▶ **Recorded data**:
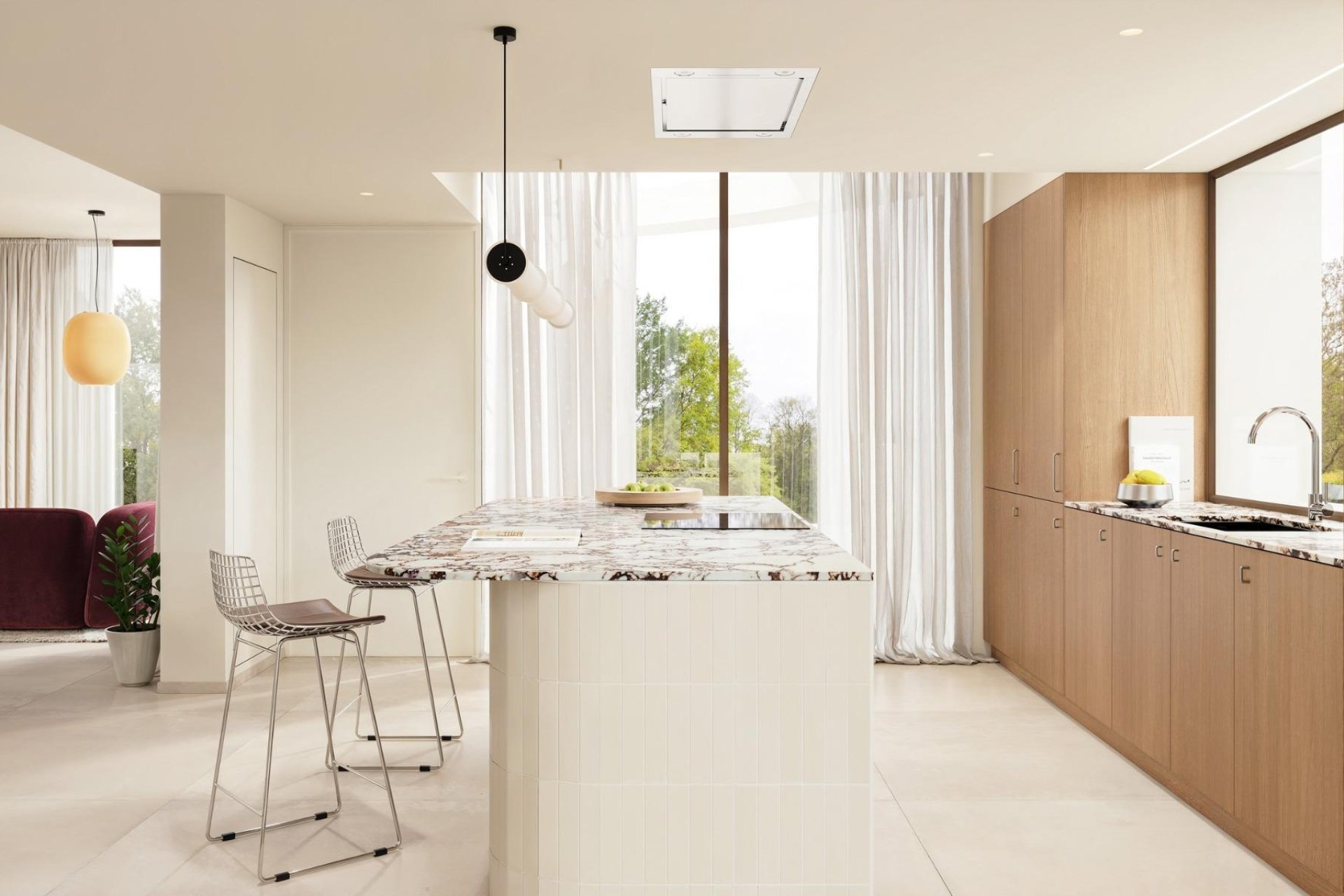 New Build - Independent Villa - Algorfa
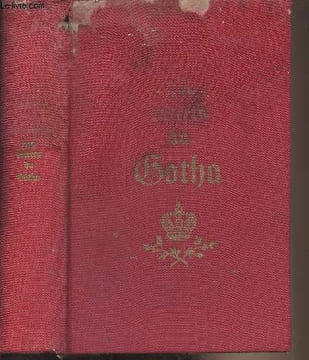 "Les secrets du Gotha - ""Histoire"" n°35". de Diesbach Ghislain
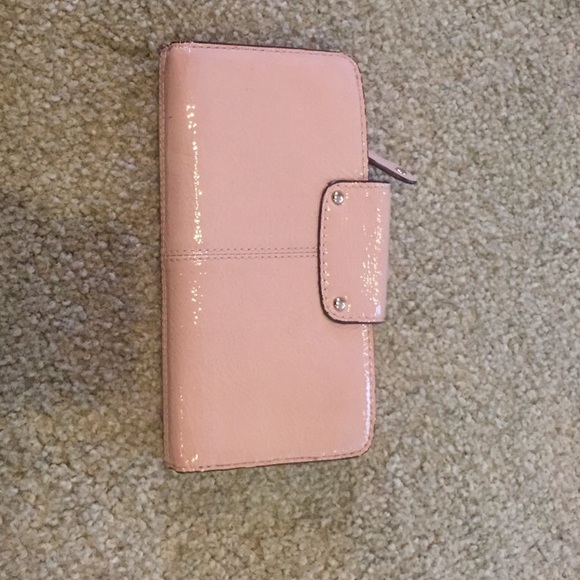 Coach wallet - Picture 4 of 4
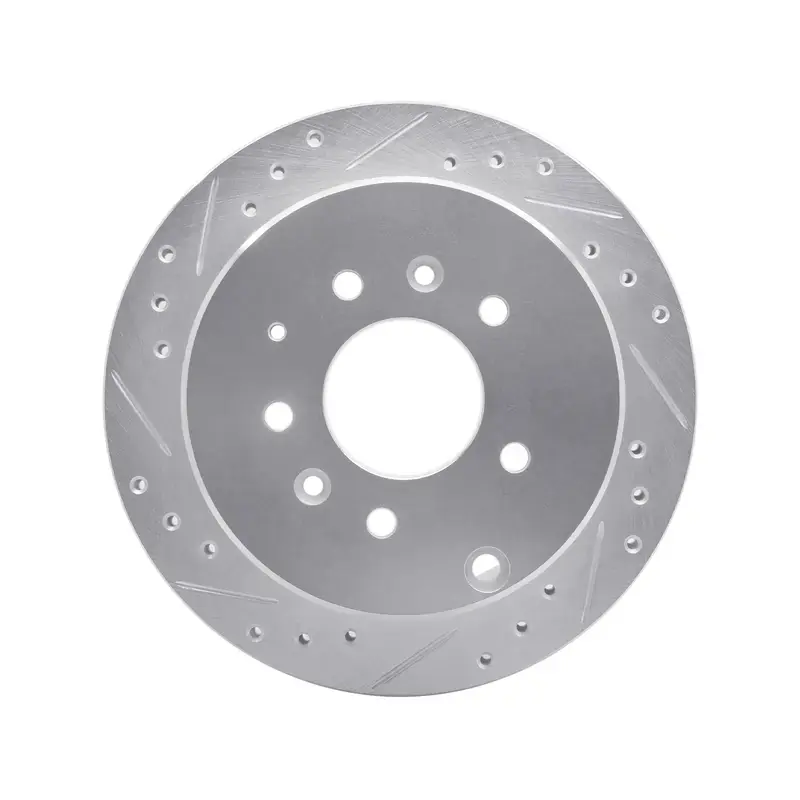 Order Now DFC-631-80061L - Disc Brake Rotor | Dynamic Friction Company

▶ **Directions for this task**:
Your copy should hold each line above exactly and no pictures at all.

▶ **Solved exercise**:
 New Build - Independent Villa - Algorfa
 "Les secrets du Gotha - ""Histoire"" n°35". de Diesbach Ghislain
 Coach wallet - Picture 4 of 4
 Order Now DFC-631-80061L - Disc Brake Rotor | Dynamic Friction Company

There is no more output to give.